WHAT TO PRODUCE: Please reproduce exactly, and only, the line containing "Damen Boho Geflochtene" and every line after it to the end of the records below, leaving out all pictures.
········
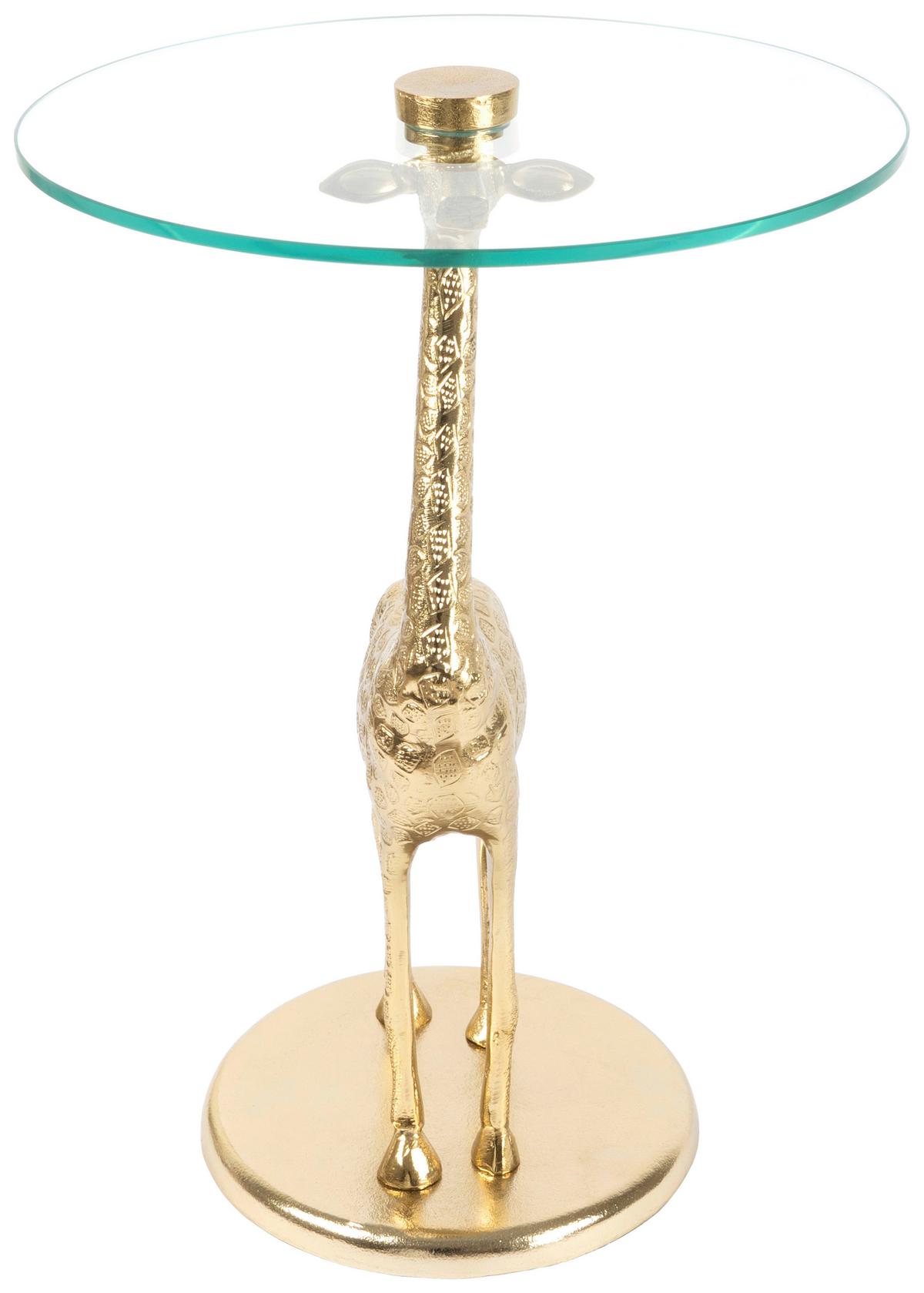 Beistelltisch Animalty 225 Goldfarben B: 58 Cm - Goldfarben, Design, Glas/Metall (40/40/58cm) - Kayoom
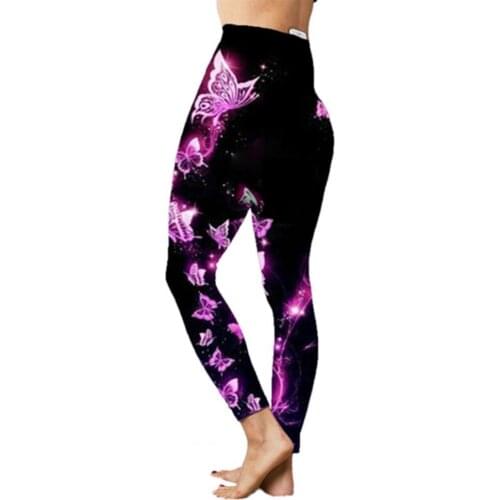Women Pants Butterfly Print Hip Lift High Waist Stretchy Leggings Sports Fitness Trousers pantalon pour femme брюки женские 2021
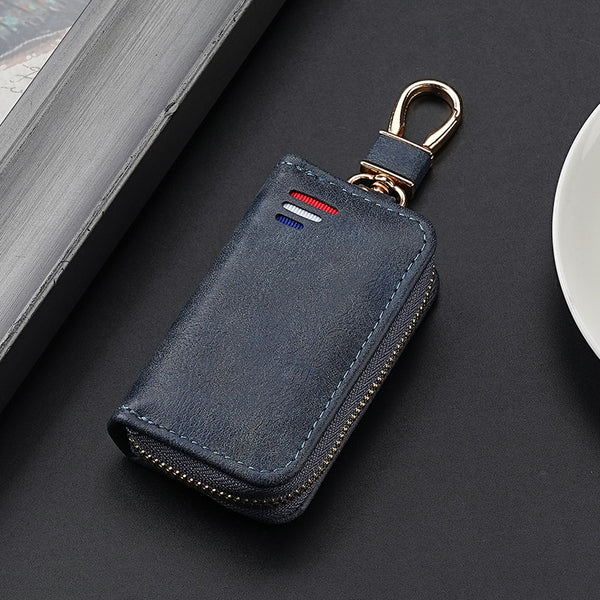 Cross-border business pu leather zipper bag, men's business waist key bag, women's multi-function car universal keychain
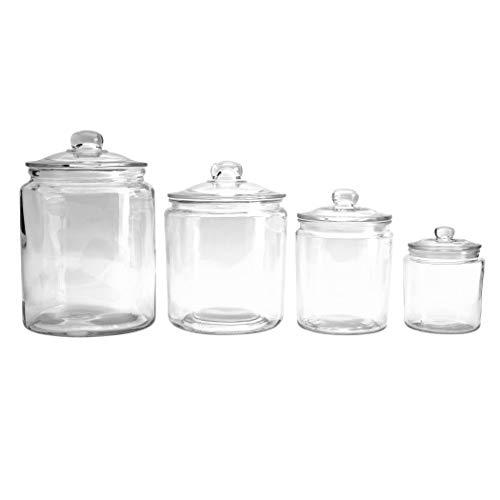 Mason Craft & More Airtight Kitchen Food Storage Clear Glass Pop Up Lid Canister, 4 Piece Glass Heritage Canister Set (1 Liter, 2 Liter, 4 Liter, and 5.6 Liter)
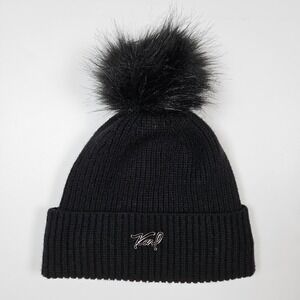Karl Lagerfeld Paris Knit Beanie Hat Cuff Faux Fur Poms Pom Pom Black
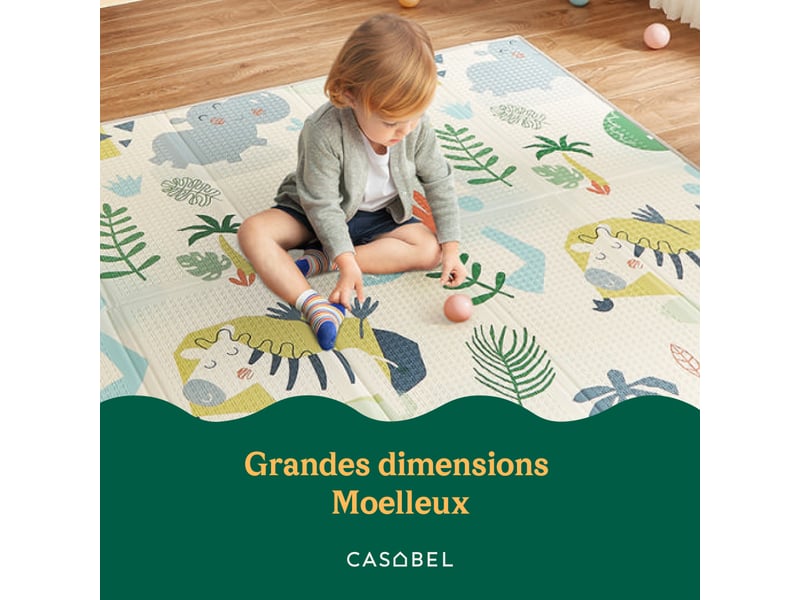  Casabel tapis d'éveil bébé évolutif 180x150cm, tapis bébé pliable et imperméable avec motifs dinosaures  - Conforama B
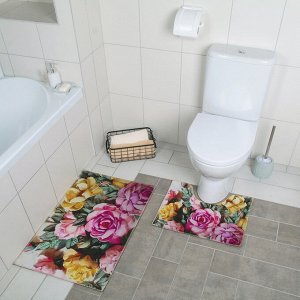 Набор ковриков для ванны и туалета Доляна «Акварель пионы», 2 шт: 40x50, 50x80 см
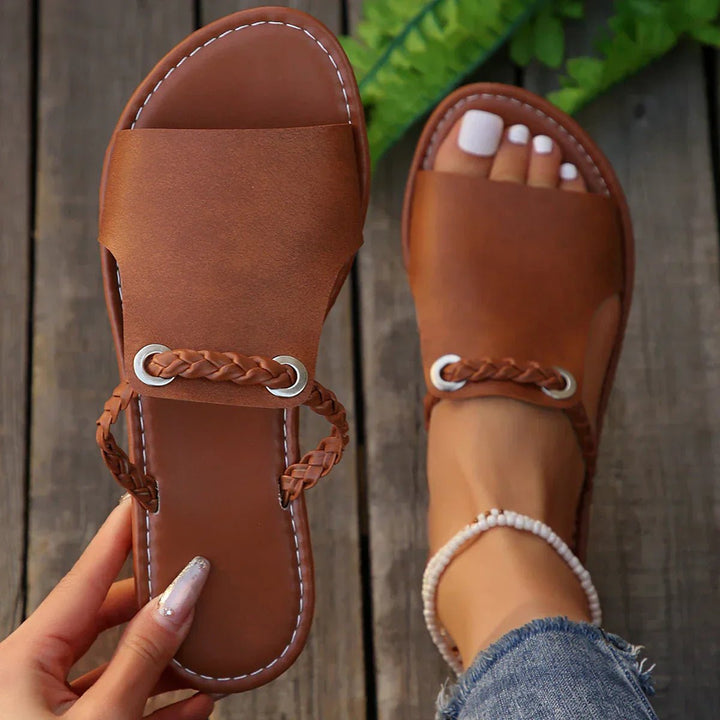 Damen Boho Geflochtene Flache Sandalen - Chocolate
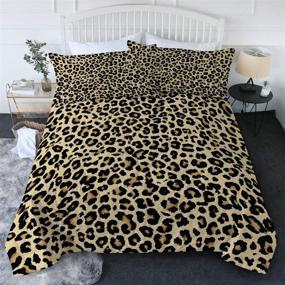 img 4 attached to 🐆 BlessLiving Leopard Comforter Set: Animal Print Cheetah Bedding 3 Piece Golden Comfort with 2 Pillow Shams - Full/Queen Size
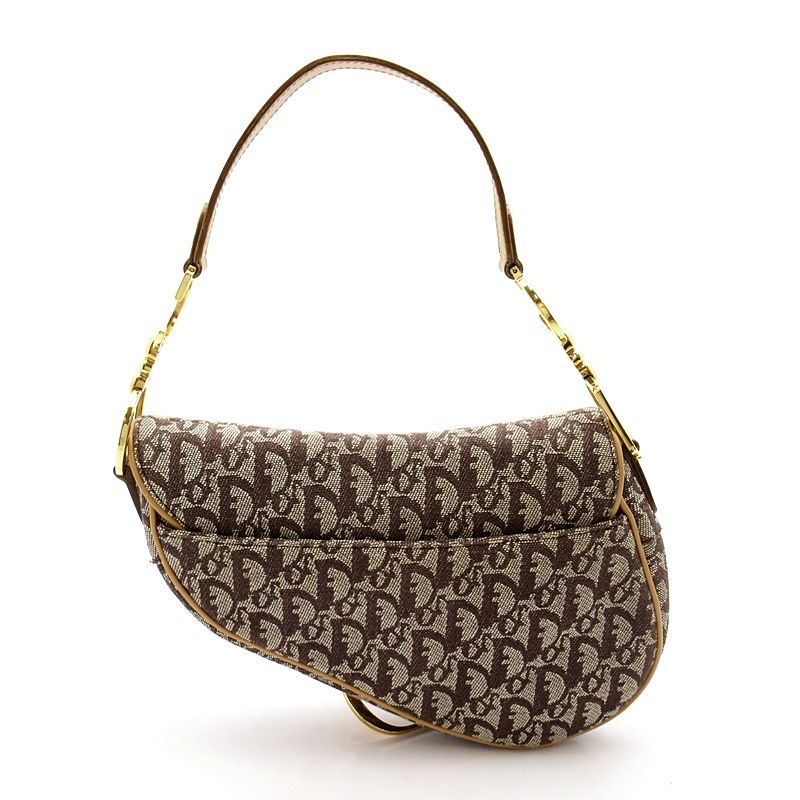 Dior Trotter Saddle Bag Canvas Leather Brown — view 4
········
ANSWER FOR THE TASK:
 Damen Boho Geflochtene Flache Sandalen - Chocolate
 img 4 attached to 🐆 BlessLiving Leopard Comforter Set: Animal Print Cheetah Bedding 3 Piece Golden Comfort with 2 Pillow Shams - Full/Queen Size
 Dior Trotter Saddle Bag Canvas Leather Brown — view 4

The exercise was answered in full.